En cette période hivernale, rien de tel que d'aller à la Philharmonie de Paris pour se réchauffer un peu. D'autant plus lorsque l'Orchestre de Paris nous concocte un programme tumultueux pour commencer 2023 de façon vigoureuse. Avec tout d'abord le rare Concerto pour piano n°2 de Tchaïkovski, interprété par le pianiste français, Alexandre Kantorow, lauréat du Concours Tchaïkovski à Moscou, en 2019, notamment grâce à cette partition. Après l'entracte, la ténébreuse Symphonie n°4 de Dmitri Chostakovitch, composée entre 1934 et 1936 durant la terreur stalinienne en URSS. L'Orchestre de Paris étant placé sous la direction du finlandais Jukka-Pekka Saraste pour l'occasion de ce concert du jeudi 12 janvier 2023.

Jukka-Pekka Saraste et Alexandre Kantorow (© Sandrine Expilly)

Jukka-Pekka Saraste et Alexandre Kantorow (© Sandrine Expilly)

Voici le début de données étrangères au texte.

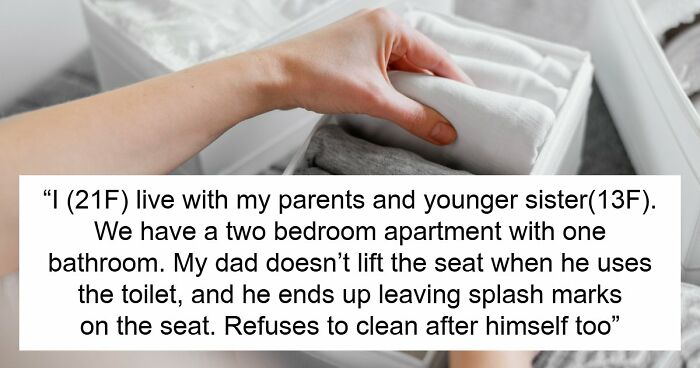 Gross Dad Keeps Wetting The Toilet Seat, Disgusted Daughter Uses His Clean Underwear To Wipe It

Le Concerto pour piano n°2 de Tchaikovski est moins connu et moins aimé que son prédécesseur. Parsemé de longueurs et de difficultés, c'est une oeuvre qui se cherche un peu et déroute l'auditeur. Une chose est certaine, sans un soliste prêt à la défendre bec et ongle, elle peut rapidement devenir problématique. Le compositeur ayant même eu l'ambition de remanier la partition dans les dernières années de sa vie, projet finalement réalisé par Alexandre Ziloti. Mais la proposition ne fut pas du goût de Tchaikovski, et c'est bien la version originale qui est le plus souvent jouée, notamment lors de ce concert. Dans le premier mouvement noté Allegro brillante, le premier thème fait d'accords brillants est pris de façon très énergique par l'orchestre dont Saraste obtient un son dense et très dynamique. Alexandre Kantorow reprend ce thème de façon très claire et précise. Son jeu est fluide et il donne une étonnante impression de facilité à l'entendre. Chaque choix d'interprétation semble être une évidence et on ressent une connaissance intime de l'œuvre chez le soliste. Son toucher se savoure. Sa technique impressionne dans l'utilisation de l'alternance des deux mains. La cadence soignée, limpide lui fait enfin exposer un staccato savoureux. Le deuxième mouvement noté Andante est un moment étonnant où le violon solo Eiichi Chijiiwa et le violoncelle solo Eric Picard, se démarquent de l'orchestre pour un moment intimiste et chambrette avec le soliste. Alexandre Kantorow est ici délicat et précis dans les nuances ainsi que dans l'écoute des cordes qui lui volent parfois la vedette. Enfin, le dernier mouvement Allegro con fuoco est festif, éruptif, pyrotechnique. L'Orchestre de Paris donne ici sa pleine mesure avec un chef qui leur lâche la bride. Dans ces pages périlleuse, Kantorow se joue des difficulté et conserve une clarté de son phrasé absolument admirable, dans un dialogue très fécond avec l'orchestre. Une ouverte hétérogène qui souffre de longueurs, mais défendu comme cela par un pianiste héroïque, le Concerto pour piano n°2 de Tchaïkovski procure aussi du plaisir à l'auditeur ! Alexandre Kantorow revient par la suite non pas pour un mais deux bis avec tout d'abord la Valse triste du compositeur et violoniste hongrois, Franz von Vecsey dans une transcription pour piano du fabuleux Georges Cziffra et enfin, un sublime Vers la flamme, op.72 d'Alexandre Scriabine.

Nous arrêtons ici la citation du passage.